Sunday Tribune gathered that police raided the school after a relative was denied access to the captives. In the wake of the police raid, seven people, who said they were teachers at the school, were arrested.
The news agency reported that the Nigeria Police had called on families from across the region, from the suburbs of Kaduna to the nearby countries of Ghana, Mali and Burkina Faso, to collect the freed captives.
But despite the reports of abuse, some were reluctant to return home with their family members.
It reported that one Mohammed Sani Abu Sha’aban, a father of 13, from the Kaduna suburb of Nasarawa, sent two of his sons – 16-year-old Salim and 25-year-old Jamilu – to the ‘school’ for more than three years.
Speaking with the News Agency of Nigeria (NAN) on Saturday, the state Police Command said it had handed over 300 inmates of the “rehabilitation centre at Rigasa, rescued on Thursday” to the state government.
The command’s Public Relations Officer, Yakubu Sabo, a Deputy Superintendent of Police (DSP), said the over 300 inmates were handed over to the state government on Friday for reunion with their families, adding that seven suspects earlier arrested were undergoing investigations.
Sabo said the “dehumanising treatment” they discovered made it impossible to consider the house an Islamic school.
He defended the police raid on the centre, saying it was based on reports of torture and abuse, and not whether or not the inmates were willingly taken there by their parents.
“Whether or not they were the ones who handed their children over, there is limitation to what can be done to human beings, even by parents. According to law, even if it is the father that subjected his child to inhuman treatment, there is a level where he will be held liable for his action.
“Nobody is questioning whether the parents took their children there. What we are saying is that inhuman treatment is meted out to those children in violation of the law.
“The school in question has no license to operate as well. The agencies of government that are supposed to supervise them are not put into consideration. As far as we know, they have not tendered any document to show that they are licensed.

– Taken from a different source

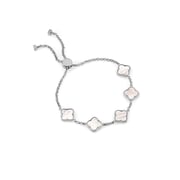 Crystal Heart Bangle & Multi Pearl Clover Bracelet Set (Silver)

“The school is concurrently running both educational and correctional programmes which are supposed to be different institutions with different licenses. If you have license to give correctional programme, that in itself does not give you order to do educational programme.
“Even if you are licensed, it does not give you the right to go ahead without having the required manpower and skills to carry out the programme. All these are not there,” Sabo said.
Speaking through his Senior Special Assistant on Media and Publicity, Mr Garba Shehu, President Buhari said he condemned all forms of rights abuses, whether of adults or children.
Commending the efforts of the police for the discovery and subsequent arrest of operators of the camp, the president said all children ought to be safeguarded and protected from all evil influences in the society.
“In commending the police for their discovery of this horrific hub and arrest of suspected operators of the unedifying, so-called ‘reform institution,’ the administration of President Buhari categorically condemns rights abuses, whether of adults or of children,” the statement read in part.
“We are glad that Muslim authorities have dismissed the notion of the embarrassing and horrifying spectacle as Islamic school. The place has, indeed, been described as a house of torture and a place of human slavery.
“The president holds the view that children will be safeguarded from roaming the streets and protected from all evil influences that assail idle hands and idle minds, when they are sent to school,” the statement read.